Exercise description: Write out the line that holds "ЖИЗНЬ В СЕЛЕ:ВЫШЛА" together with every line that follows it to the end of the material below, exactly. Omit the pictures.
------ Exercise data ------
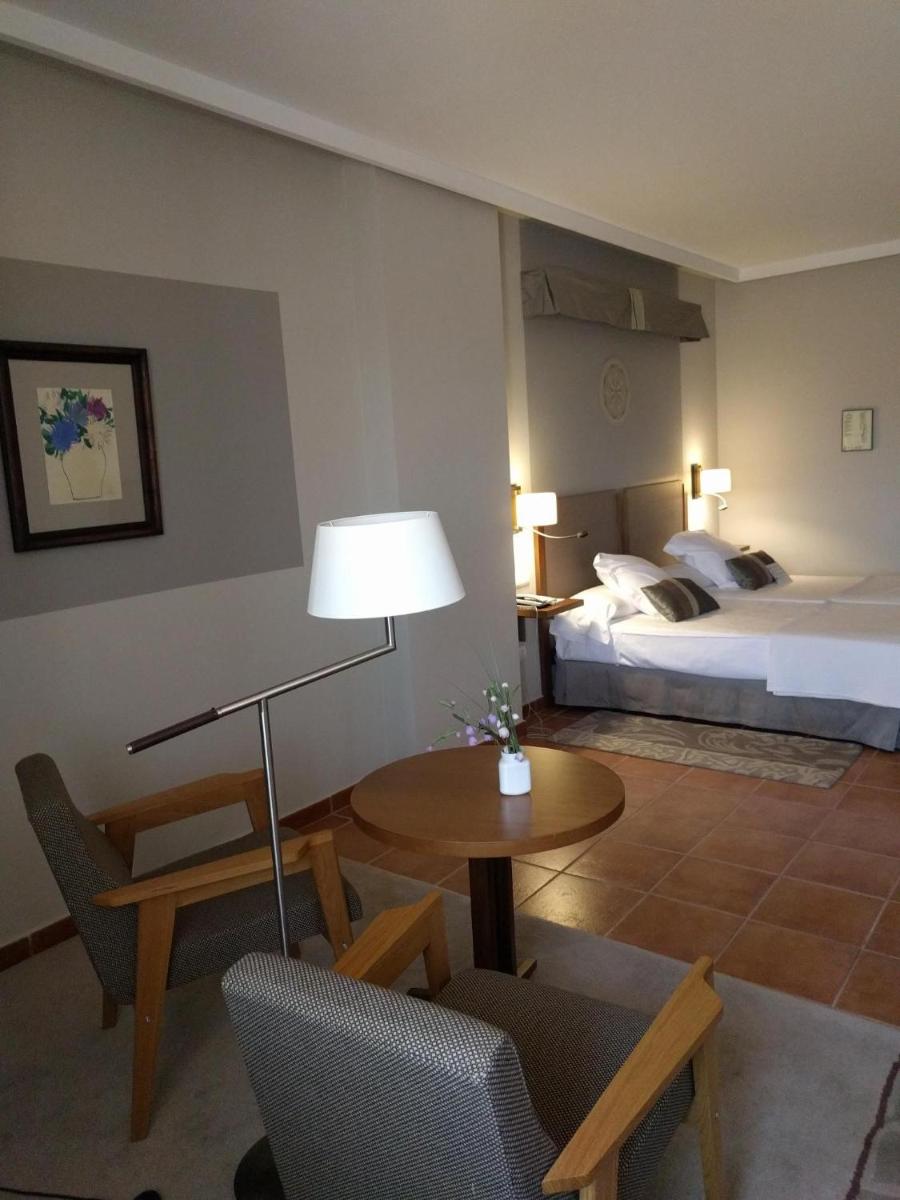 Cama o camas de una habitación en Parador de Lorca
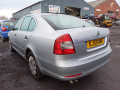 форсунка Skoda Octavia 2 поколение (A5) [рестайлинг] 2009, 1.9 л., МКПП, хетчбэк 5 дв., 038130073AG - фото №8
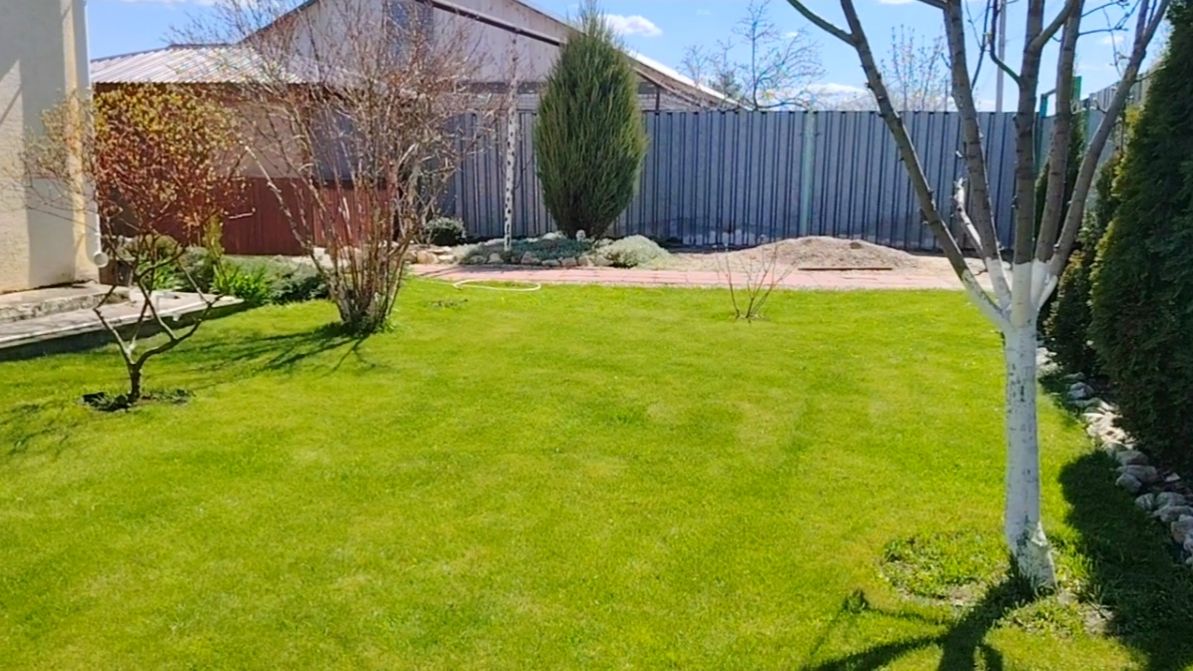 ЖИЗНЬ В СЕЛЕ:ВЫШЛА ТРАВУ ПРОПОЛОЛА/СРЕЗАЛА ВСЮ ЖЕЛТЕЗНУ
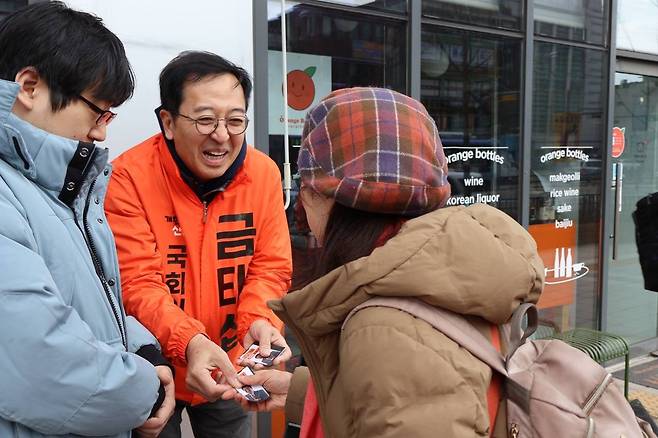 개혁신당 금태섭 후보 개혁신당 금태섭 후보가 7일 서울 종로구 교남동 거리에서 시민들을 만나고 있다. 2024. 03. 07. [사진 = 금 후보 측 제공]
------
Answer to the problem:
 ЖИЗНЬ В СЕЛЕ:ВЫШЛА ТРАВУ ПРОПОЛОЛА/СРЕЗАЛА ВСЮ ЖЕЛТЕЗНУ
 개혁신당 금태섭 후보 개혁신당 금태섭 후보가 7일 서울 종로구 교남동 거리에서 시민들을 만나고 있다. 2024. 03. 07. [사진 = 금 후보 측 제공]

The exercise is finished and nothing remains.